Your instructions:
Images are to be excluded, and the rest of the data repeated exactly.

Records for this task:
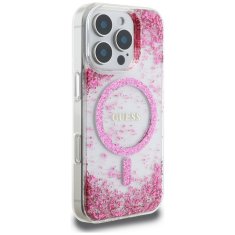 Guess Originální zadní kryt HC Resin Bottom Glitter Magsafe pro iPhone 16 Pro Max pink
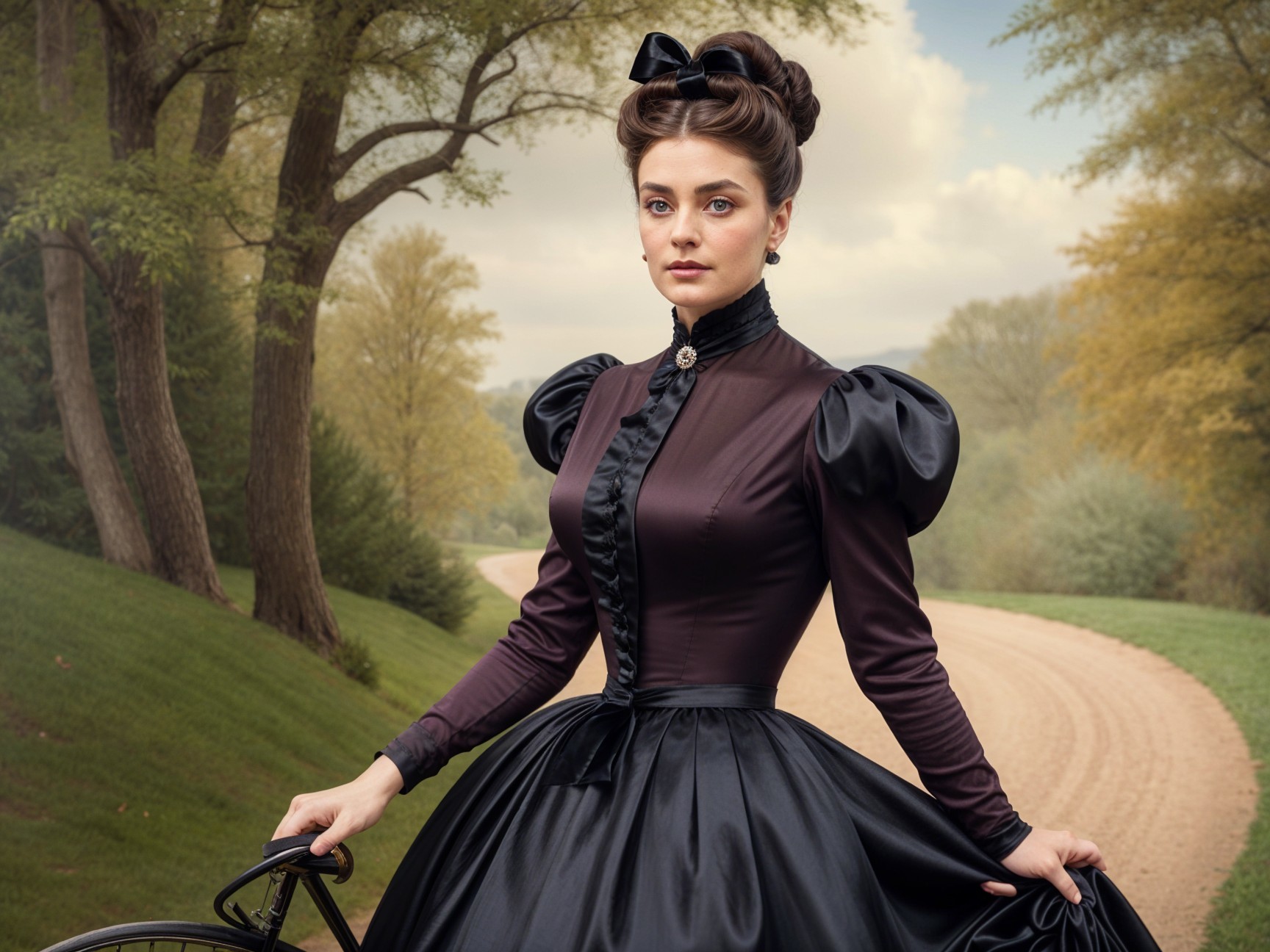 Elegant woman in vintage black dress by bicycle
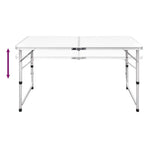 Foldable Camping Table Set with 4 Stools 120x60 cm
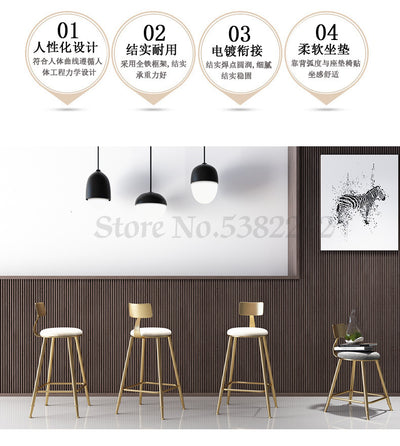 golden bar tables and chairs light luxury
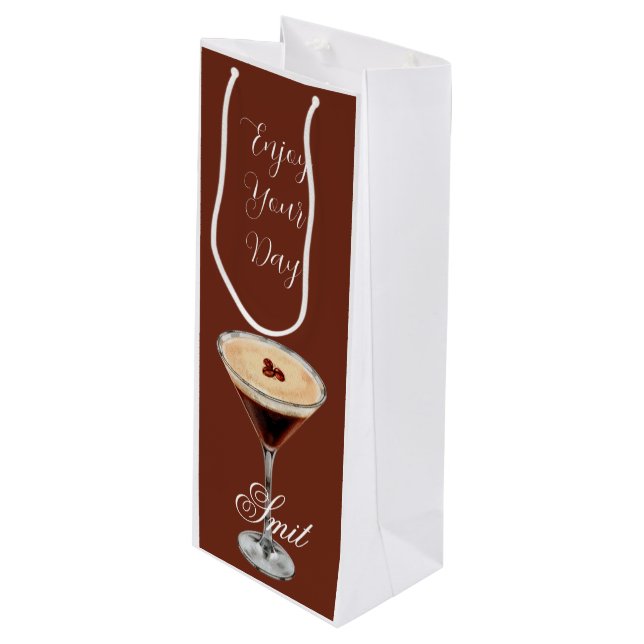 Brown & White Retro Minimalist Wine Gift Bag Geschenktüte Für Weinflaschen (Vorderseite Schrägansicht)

Task solution:
 Guess Originální zadní kryt HC Resin Bottom Glitter Magsafe pro iPhone 16 Pro Max pink
 Elegant woman in vintage black dress by bicycle
 Foldable Camping Table Set with 4 Stools 120x60 cm
 golden bar tables and chairs light luxury
 Brown & White Retro Minimalist Wine Gift Bag Geschenktüte Für Weinflaschen (Vorderseite Schrägansicht)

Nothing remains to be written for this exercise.